Activité des partis politiques: Les ressorts d’une dynamique retrouvée

Les ressorts d’une dynamique retrouvée de l’activité des partis politiques sont enclenchés à quelques jours des élections législatives 2026.

Les élections législatives prévues du 2 juillet prochain occupent une place centrale. Sur la scène politique, on observe une réelle dynamique portée par les acteurs politiques, certains procédant à une réorganisation interne et d’autres à la sensibilisation de leur base. Après le relèvement du nombre de circonscriptions électorales de 58 à 69, les préparatifs pour les élections législatives s’intensifient, ainsi, pour rafler davantage de sièges qui s’élèvent à 407, dont 12 sont réservés à la communauté algérienne à l’étranger.

«Plus de souplesse et de lisibilité»

«L’enthousiasme que l’on observe aujourd’hui tranche clairement avec celui des années précédentes», constate Azzedine Nemiri, enseignant en sciences politiques à l’université de Guelma, décrivant un climat électoral en pleine évolution. Et pour cause, «les nouvelles dispositions juridiques ont apporté plus de souplesse et de lisibilité», explique-t-il, notant qu’elles «facilitent concrètement l’accès à la candidature et encouragent davantage de profils à se lancer dans ce processus». Pour lui, cette ouverture est de nature à stimuler une participation citoyenne plus large, y voyant un signe d’évolution dans le rapport des citoyens à la vie politique.

Il faut savoir, poursuit-il, que «le recul du boycott de l’opposition marque un tournant important», rappelant que des acteurs politiques qui étaient jusque-là en retrait semblent aujourd’hui prêts à investir le champ électoral. Selon lui, ce changement s’explique par les garanties qui interviennent à la faveur de l’adoption de la nouvelle loi électorale en matière notamment de transparence, estimant que «cela a contribué à installer un climat de confiance autour du processus électoral».

«Perspective d’une Assemblée plus ouverte et plus représentative»

Dans cette cadre, «la présence conjointe des partis au pouvoir et de l’opposition renforce la crédibilité du scrutin», souligne Nemiri, évoquant «la perspective d’une Assemblée plus ouverte et plus représentative des différentes sensibilités».

Ce qui distingue cette étape, ajoute Nemiri, «c’est la possibilité de voir émerger une opposition structurée», laquelle «pourrait redonner à l’institution législative tout son poids dans l’équilibre des pouvoirs». C’est pourquoi, enchaîne-t-il, «le Parlement est appelé à jouer pleinement son rôle, notamment en matière de contrôle et de suivi de l’action du gouvernement», précisant qu’«il peut devenir un acteur clé dans la consolidation de la pratique démocratique».

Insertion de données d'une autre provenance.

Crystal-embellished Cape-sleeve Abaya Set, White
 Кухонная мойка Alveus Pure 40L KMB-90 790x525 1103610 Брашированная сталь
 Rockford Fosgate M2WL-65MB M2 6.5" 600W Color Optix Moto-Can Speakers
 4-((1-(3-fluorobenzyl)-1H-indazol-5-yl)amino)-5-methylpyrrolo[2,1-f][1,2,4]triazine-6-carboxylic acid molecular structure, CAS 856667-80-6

Dans ce sillage, il note une forme de convergence entre les réformes engagées et une prise de conscience citoyenne croissante. Aussi insiste-t-il sur «la nécessité de disposer d’une institution législative forte pour porter les attentes de la société». En somme, affirme t-il, «les électeurs semblent aujourd’hui plus attentifs au choix de leurs représentants», soulignant que «la compétence et la crédibilité deviennent des critères essentiels pour peser sur la gestion des affaires publiques».

Un processus de candidature plus flexible

Hakim Boughrara, politologue et professeur universitaire, fait le même constat: «La classe politique a évolué depuis la réforme du code électoral». Il cite notamment les changements qui ont touché les listes électorales à travers le renforcement de la représentation des femmes, soulignant que «des sièges leur sont désormais réservés afin de consolider leur présence dans les institutions élues». Il évoque, également, «certaines règles qui ont été assouplies dans les communes de moins de 20.000 habitants», estimant que cette évolution vise avant tout «à rendre le processus de candidature plus flexible et plus adapté au terrain».

«Ces ajustements interviennent après une évaluation concrète de l’application de la loi électorale lors des différents scrutins», dit-il insistant sur la logique d’adaptation progressive du cadre juridique. Ces réformes répondent aussi, selon lui, «aux préoccupations exprimées par les partis politiques, notamment, les difficultés rencontrées par les femmes candidates dans plusieurs régions du pays». Il existe, explique Boughrara, «une volonté de corriger les déséquilibres et d’améliorer la représentativité politique», en réponse aux attentes exprimées sur le terrain d’où cette mobilisation constatée chez les formations politiques.

Par ailleurs, «les réformes introduites pour le renforcement de la transparence du processus électoral dont la désignation d’agents de contrôle dans des zones où ils ne résident pas vise à garantir davantage d’impartialité», fait-il savoir, précisant que cette mesure «réduit les influences locales et améliore la neutralité du suivi électoral». C’est pourquoi, enchaîne-t-il, «ces mesures s’inscrivent dans une réponse aux attentes de la classe politique et des partis».